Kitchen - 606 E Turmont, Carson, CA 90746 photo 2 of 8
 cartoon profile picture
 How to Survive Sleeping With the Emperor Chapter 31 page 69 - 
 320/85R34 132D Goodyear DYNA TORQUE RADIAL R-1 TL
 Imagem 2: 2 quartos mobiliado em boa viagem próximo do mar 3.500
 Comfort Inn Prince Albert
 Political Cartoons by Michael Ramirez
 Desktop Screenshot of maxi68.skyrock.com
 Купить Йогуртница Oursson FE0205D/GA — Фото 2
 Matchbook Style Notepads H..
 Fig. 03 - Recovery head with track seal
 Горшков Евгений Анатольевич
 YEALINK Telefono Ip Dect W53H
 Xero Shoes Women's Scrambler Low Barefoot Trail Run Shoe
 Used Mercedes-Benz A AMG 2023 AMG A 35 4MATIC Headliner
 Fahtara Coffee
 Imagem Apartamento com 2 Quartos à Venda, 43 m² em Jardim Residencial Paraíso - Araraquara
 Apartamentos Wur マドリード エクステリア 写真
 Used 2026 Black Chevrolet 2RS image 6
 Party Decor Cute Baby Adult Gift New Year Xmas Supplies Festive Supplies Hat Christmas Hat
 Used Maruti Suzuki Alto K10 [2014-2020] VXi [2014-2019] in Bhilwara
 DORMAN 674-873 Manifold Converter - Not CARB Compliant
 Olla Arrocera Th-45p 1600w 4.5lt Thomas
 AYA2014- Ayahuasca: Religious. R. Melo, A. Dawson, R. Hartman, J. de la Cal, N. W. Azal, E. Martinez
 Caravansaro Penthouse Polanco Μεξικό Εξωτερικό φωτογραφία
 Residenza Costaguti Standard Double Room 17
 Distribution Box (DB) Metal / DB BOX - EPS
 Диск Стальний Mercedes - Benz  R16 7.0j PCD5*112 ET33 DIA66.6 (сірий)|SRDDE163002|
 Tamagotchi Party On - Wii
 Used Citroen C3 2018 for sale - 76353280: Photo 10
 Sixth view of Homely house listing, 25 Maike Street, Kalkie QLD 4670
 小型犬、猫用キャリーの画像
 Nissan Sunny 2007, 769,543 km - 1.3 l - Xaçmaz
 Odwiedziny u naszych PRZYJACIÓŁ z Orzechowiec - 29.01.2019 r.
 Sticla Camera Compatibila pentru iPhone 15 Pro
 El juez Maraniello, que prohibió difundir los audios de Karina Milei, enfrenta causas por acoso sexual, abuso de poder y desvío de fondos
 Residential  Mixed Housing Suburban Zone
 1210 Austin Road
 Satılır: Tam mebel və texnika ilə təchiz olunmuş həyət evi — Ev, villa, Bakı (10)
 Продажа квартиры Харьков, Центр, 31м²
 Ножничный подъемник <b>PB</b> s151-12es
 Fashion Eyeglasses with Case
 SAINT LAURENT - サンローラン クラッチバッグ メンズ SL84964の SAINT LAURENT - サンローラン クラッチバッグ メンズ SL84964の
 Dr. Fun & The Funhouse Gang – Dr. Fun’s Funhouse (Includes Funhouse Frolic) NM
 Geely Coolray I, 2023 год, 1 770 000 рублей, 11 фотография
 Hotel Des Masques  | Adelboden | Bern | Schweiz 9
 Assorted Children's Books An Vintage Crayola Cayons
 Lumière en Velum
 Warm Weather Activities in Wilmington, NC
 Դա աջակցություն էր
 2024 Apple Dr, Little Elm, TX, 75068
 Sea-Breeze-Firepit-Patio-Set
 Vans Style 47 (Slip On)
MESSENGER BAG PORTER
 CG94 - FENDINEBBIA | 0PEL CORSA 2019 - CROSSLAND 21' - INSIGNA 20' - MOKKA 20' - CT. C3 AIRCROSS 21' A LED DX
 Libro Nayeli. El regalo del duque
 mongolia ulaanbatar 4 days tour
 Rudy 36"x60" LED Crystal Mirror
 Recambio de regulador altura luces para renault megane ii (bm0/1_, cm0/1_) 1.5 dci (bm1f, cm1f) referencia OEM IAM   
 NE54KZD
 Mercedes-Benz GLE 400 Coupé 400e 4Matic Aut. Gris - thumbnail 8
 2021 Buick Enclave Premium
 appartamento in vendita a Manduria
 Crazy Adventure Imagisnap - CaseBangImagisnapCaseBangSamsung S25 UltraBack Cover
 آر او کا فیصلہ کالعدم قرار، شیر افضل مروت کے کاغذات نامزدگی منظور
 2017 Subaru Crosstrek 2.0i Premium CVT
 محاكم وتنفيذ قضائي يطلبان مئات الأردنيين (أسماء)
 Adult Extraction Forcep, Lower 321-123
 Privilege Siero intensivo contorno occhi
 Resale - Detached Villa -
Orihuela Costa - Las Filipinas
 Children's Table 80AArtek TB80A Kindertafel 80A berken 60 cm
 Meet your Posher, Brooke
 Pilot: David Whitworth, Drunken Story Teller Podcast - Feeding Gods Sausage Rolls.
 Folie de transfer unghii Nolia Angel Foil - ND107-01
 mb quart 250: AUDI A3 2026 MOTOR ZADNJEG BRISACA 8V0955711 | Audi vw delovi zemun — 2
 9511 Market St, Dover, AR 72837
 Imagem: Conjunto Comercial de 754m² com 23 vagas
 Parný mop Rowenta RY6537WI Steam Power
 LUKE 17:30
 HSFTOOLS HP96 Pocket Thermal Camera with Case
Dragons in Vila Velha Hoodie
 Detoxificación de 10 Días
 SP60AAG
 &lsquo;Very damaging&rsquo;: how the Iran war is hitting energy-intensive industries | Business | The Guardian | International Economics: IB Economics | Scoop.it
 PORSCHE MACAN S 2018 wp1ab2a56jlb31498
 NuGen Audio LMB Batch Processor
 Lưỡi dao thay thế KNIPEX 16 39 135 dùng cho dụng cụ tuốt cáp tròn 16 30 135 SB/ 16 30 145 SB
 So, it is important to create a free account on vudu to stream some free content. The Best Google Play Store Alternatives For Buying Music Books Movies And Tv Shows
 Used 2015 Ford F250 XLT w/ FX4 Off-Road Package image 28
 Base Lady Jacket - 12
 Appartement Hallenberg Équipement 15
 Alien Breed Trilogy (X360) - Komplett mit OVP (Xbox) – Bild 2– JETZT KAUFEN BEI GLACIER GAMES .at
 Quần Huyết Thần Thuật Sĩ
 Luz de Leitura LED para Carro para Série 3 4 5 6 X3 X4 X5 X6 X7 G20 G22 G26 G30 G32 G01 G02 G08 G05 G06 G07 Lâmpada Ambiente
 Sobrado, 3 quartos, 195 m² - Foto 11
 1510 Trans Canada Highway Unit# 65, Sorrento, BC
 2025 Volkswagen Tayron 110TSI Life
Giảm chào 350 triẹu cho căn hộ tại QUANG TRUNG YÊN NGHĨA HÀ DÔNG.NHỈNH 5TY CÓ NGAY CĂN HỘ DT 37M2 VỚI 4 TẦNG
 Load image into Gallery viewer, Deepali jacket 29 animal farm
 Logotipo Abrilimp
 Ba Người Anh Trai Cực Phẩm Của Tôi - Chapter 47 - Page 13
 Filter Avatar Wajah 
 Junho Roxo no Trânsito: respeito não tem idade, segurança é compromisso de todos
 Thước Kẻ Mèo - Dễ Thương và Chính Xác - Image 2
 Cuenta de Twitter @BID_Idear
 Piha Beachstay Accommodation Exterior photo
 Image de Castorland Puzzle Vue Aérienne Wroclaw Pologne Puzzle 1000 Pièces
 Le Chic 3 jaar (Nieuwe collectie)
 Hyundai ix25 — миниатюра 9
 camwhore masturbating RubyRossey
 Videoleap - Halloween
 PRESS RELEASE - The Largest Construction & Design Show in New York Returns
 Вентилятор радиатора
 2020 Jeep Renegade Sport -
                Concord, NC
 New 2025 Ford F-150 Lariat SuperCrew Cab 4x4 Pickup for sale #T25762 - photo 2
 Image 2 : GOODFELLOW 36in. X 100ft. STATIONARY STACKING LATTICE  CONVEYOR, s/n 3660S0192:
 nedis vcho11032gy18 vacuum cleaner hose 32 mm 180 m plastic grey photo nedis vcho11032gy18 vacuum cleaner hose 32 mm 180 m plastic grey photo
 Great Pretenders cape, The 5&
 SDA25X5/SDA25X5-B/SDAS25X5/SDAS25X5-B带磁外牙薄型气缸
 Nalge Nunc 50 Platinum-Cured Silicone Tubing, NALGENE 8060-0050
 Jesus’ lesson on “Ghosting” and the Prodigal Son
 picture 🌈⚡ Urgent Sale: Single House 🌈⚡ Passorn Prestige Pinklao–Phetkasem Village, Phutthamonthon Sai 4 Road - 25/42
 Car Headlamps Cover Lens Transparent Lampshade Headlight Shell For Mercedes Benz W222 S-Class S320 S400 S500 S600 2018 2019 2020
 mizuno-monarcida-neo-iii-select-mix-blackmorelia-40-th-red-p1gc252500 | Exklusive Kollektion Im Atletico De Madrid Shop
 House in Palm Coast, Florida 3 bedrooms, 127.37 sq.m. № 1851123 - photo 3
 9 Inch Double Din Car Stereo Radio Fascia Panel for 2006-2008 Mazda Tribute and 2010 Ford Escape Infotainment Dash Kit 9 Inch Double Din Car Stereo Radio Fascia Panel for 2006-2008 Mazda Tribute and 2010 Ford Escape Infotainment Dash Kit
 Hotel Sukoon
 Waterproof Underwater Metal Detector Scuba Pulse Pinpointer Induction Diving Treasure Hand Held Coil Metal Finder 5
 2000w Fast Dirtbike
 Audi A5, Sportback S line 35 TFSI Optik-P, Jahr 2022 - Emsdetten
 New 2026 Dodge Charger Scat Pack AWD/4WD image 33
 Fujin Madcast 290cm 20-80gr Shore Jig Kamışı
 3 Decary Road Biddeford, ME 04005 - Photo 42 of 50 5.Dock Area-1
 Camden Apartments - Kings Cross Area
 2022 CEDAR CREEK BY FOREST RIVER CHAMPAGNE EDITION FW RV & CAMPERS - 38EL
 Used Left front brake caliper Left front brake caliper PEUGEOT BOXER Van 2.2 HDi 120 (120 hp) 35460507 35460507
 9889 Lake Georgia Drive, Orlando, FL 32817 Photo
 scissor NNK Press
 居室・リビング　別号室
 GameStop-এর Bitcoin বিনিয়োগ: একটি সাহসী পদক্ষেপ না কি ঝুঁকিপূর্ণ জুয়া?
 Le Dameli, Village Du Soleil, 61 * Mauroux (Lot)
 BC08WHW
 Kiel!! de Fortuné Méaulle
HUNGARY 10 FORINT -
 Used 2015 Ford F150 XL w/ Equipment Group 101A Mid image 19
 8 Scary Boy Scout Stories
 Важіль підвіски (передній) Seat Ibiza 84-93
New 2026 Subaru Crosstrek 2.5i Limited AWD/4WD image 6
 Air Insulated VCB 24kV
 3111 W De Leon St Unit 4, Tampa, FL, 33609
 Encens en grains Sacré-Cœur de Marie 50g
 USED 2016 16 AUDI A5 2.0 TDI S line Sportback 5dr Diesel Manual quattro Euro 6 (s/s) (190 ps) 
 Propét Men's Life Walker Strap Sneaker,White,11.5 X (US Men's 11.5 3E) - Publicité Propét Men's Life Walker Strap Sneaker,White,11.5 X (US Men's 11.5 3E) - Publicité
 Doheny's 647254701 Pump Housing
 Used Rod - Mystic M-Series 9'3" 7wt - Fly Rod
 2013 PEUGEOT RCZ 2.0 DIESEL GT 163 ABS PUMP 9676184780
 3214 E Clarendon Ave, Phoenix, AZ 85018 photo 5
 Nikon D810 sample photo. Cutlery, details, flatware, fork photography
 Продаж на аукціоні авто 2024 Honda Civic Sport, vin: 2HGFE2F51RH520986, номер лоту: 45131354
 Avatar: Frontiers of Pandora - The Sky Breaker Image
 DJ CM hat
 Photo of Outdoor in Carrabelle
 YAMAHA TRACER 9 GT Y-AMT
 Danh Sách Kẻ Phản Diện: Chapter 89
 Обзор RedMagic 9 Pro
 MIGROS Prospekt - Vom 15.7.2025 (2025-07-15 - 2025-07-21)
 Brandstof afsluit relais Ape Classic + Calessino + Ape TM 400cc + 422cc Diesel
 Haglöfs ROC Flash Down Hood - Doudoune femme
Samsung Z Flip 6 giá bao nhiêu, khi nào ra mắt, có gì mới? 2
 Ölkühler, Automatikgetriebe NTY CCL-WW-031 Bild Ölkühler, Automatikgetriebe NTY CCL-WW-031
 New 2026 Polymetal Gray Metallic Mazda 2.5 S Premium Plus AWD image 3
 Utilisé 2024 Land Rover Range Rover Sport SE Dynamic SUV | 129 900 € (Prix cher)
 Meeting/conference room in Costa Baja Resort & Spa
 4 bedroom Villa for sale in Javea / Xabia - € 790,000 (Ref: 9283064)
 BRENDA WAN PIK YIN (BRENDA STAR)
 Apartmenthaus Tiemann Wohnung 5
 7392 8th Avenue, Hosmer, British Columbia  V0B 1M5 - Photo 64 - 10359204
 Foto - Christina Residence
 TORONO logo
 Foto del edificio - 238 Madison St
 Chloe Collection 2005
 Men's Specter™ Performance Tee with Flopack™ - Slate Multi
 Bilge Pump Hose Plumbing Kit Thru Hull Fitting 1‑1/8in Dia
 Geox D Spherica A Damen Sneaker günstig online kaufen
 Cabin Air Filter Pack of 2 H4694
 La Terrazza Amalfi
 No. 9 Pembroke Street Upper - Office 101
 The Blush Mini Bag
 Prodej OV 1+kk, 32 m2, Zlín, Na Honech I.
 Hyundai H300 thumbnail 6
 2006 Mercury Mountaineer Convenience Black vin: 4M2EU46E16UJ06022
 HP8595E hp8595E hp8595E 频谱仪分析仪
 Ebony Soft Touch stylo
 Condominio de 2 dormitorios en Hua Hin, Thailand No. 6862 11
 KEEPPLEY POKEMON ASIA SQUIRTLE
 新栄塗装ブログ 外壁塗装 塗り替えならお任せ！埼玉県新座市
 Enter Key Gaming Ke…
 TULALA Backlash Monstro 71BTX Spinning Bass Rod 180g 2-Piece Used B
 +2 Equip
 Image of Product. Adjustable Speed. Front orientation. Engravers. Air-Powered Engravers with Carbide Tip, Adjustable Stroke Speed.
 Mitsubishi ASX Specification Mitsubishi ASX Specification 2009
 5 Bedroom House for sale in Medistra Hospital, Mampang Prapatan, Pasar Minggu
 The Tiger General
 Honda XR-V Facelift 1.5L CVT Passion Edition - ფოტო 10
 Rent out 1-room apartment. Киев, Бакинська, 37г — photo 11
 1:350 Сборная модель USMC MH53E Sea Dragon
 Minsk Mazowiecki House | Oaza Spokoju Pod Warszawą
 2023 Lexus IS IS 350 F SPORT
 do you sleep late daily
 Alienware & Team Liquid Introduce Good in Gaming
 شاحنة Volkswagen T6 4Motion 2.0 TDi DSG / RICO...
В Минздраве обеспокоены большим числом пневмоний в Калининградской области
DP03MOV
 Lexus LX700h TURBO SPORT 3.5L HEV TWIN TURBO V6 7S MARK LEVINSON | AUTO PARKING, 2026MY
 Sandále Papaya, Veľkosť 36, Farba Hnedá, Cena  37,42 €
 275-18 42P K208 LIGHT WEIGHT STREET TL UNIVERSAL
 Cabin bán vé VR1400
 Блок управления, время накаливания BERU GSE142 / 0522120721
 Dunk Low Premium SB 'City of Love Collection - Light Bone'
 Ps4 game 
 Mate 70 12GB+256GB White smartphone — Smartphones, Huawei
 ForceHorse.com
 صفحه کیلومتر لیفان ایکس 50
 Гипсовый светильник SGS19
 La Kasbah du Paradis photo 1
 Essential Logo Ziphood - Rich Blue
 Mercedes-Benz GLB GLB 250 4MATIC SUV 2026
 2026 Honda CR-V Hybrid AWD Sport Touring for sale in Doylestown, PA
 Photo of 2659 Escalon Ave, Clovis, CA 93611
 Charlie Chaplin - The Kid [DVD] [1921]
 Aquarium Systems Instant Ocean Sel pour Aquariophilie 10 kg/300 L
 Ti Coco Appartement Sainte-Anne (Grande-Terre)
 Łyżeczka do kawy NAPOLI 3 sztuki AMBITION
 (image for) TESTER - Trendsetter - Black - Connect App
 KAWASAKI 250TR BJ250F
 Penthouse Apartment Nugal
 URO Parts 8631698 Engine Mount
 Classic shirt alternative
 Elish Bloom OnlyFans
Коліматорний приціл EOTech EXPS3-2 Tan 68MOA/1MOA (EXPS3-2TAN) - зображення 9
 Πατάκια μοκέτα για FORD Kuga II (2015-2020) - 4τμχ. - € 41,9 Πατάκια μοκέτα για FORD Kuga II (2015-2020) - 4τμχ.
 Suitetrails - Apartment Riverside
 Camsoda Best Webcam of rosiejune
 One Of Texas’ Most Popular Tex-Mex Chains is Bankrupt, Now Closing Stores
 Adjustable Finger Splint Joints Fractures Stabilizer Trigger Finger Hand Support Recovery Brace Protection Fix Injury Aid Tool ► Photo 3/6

■ ■ ■ ■ ■

## What you should do
Return every line from the entries above that contains the word "Double".

## Solution
 Residenza Costaguti Standard Double Room 17
 9 Inch Double Din Car Stereo Radio Fascia Panel for 2006-2008 Mazda Tribute and 2010 Ford Escape Infotainment Dash Kit 9 Inch Double Din Car Stereo Radio Fascia Panel for 2006-2008 Mazda Tribute and 2010 Ford Escape Infotainment Dash Kit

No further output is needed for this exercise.